Williams wants to develop a strong working relationship with local police departments to address crime in the city.

“Working with them, you can target and try to focus the efforts on where more of the crime has been,” he said.

He also supports the pre-arrest diversion program that’s now spreading across Atlanta.

In 2005, Williams started working with the heads of other neighborhood groups to help make Memorial Drive more pedestrian friendly.
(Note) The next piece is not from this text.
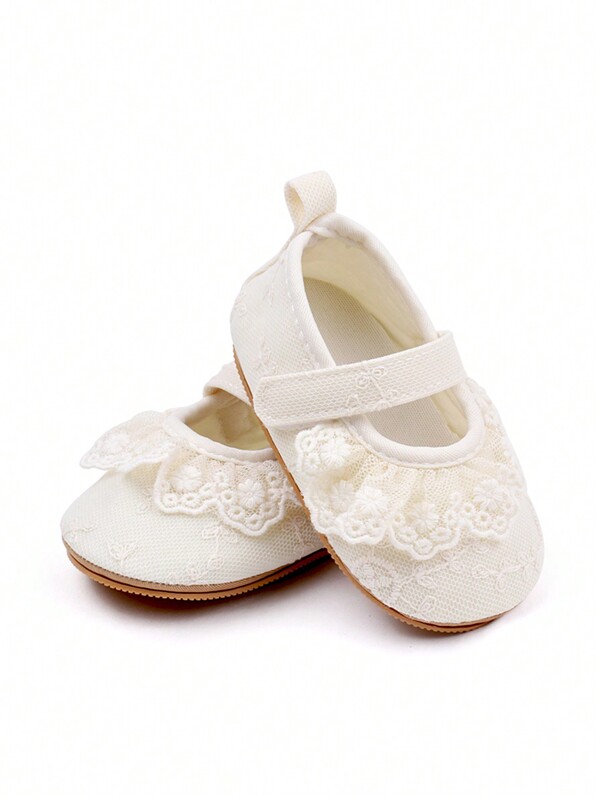 Simple, Comfortable And Versatile Flat Shoes For Infants And Young Children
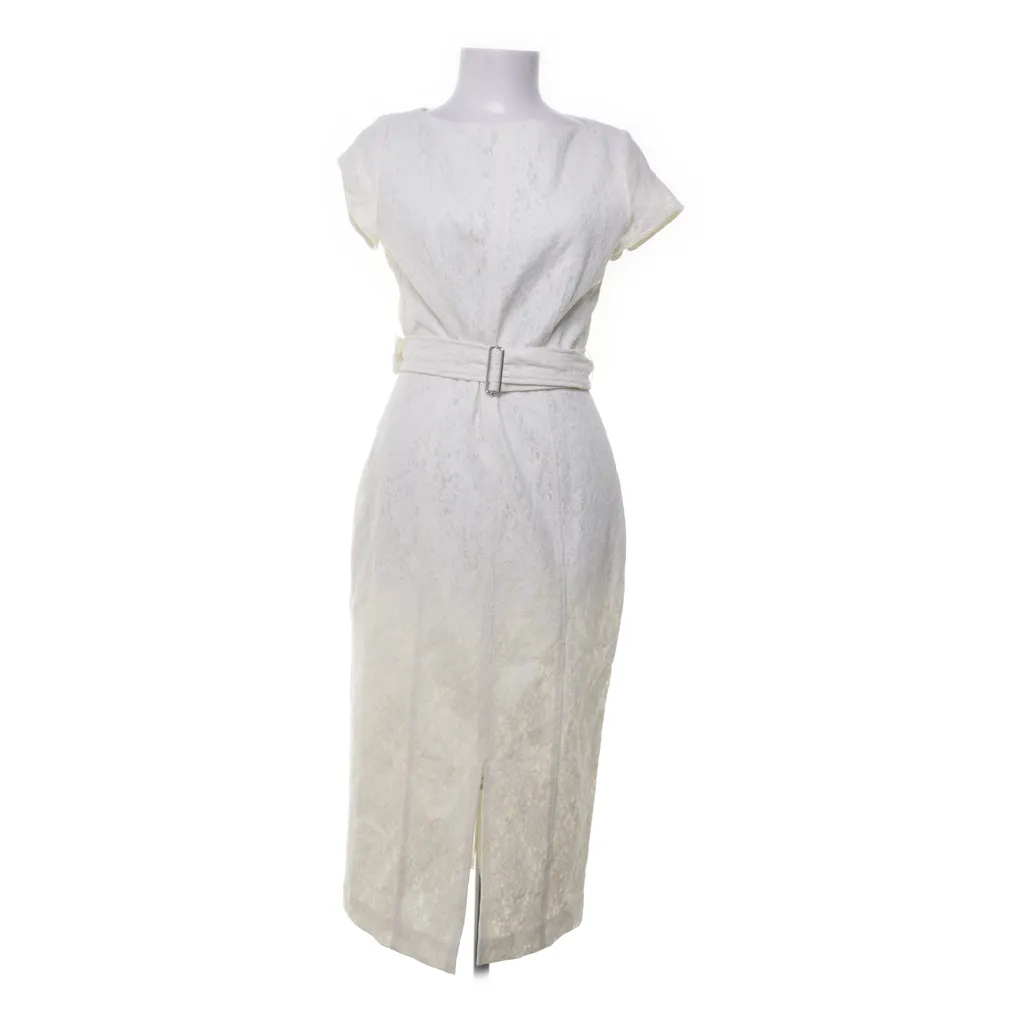 Boss - Kleid - Damen - Größe: 36 - Weiß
He wants to spearhead conversations with neighbors to launch similar projects in District 5 as its city councilmember.

“The councilperson role is being the central linchpin to bring those pieces together,” he said. “You listen to a lot of folks who sound like they’re running for mayor, but as a councilperson you really don’t run anything but your office.”

“Your central role is making sure the city works for your constituents. And you share knowledge with the different groups on best practices and getting people to come together with this common vision, and for me that’s the most exciting part of all of this,” he added.

Meet-and-greets with the District 5 election candidates have been taking place on Saturday nights at 6 p.m. at the home of Paul and Lisa Cox at 2821 Alston Drive. Mahoney’s event has already taken place and Kissel’s event was rescheduled to May 22. Bacote’s will take place May 1, Bakhtiari’s on May 8 and Williams’ on May 15.

Qualifying for the District 5 race takes place in August. The election is in November.